What are the consequences for patents?
On the one hand, if Britain were to eventually leave the EU, the European patent with unitary effect would no longer apply to the United Kingdom given that one of the conditions of the effect, is to be a Member State.
Despite this, there are two possible scenarios for the Unified Patent Court (UPC) if the British vote in favor of a Brexit. The first, is the setting up of the UPC without the United Kingdom being part of it. The second and less likely scenario, is that the United Kingdom’s exit from the European Union in turn, prevents the implementation of the JUB.
For the UPC to be set up, the agreement signed by 25 countries had to be ratified by at least 13 countries and mandatorily by France, Germany and the United Kingdom. Italy would therefore replace the United Kingdom since it is the country with the highest number of valid European patents in 2012 after Germany, France and the United Kingdom. An addendum to the agreement will therefore be required. Even where the United Kingdom did leave the EU, it is unlikely that this would prevent the setting up of the UPC: rather, its entry into force would be simply delayed throughout the EU.
What are the consequences for trademark and patent licenses?
The jurisdiction covered by licenses for intellectual property rights will also be affected if the United Kingdom leaves the EU. This is an issue of contract interpretation. Parties should ensure that licenses still cover the same territory and thus include the United Kingdom. This also applies to co-existence or franchise agreements.
A change to the principle of the exhaustion of rights
Moreover, we must not forget that if the United Kingdom leaves the EU, the scope of the exhaustion rule would also be amended. According to the exhaustion doctrine, goods can freely move across the territory of the EU or the EEA after an initial trading in the market made by the rights holder or with his consent. Consequently, the owner of a trademark or patent would not be able to oppose the use of any patent or trademark for goods which have been traded for the first time in the EU or EEA with his consent. If the UK were to leave the EU as well as the EEA, trademark and patent owners could prohibit the export of UK goods to Europe and vice versa.
Transitional Mechanisms for European trademarks
In order to ensure the protection of existing EU trademarks, the implementation of transitional mechanisms is essential. In light of the uncertain legal consequences, certain companies will register trademarks both on a domestic and European level so as to ensure maximum protection.

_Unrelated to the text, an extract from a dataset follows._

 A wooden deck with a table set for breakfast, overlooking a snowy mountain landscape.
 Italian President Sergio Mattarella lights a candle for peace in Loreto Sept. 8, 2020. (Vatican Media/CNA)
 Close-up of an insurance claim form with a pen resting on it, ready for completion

At present, it is possible to convert the registration of a European trademark to a domestic one (Articles 112-114 of Council Regulation (EC) No 207/2009) but the above requires a reconsideration of the application process and payment of taxes.
Additional legal consequences
Other legal consequences, going beyond intellectual property can be expected.
By leaving the European Union, the United Kingdom would no longer have a representative in the European Parliament nor in the European Council, and there would no longer be a British judge in the Court of Justice of the European Union (CJEU). EU legislation and the CJEU’s cases would inevitably be affected by a Brexit.
While this is an extreme scenario, alternative arrangements can of course be considered, such as the negotiation of special arrangements through the European Economic Area (EEA), the European Free Trade Association (EFTA) or the World Trade Organisation (WTO).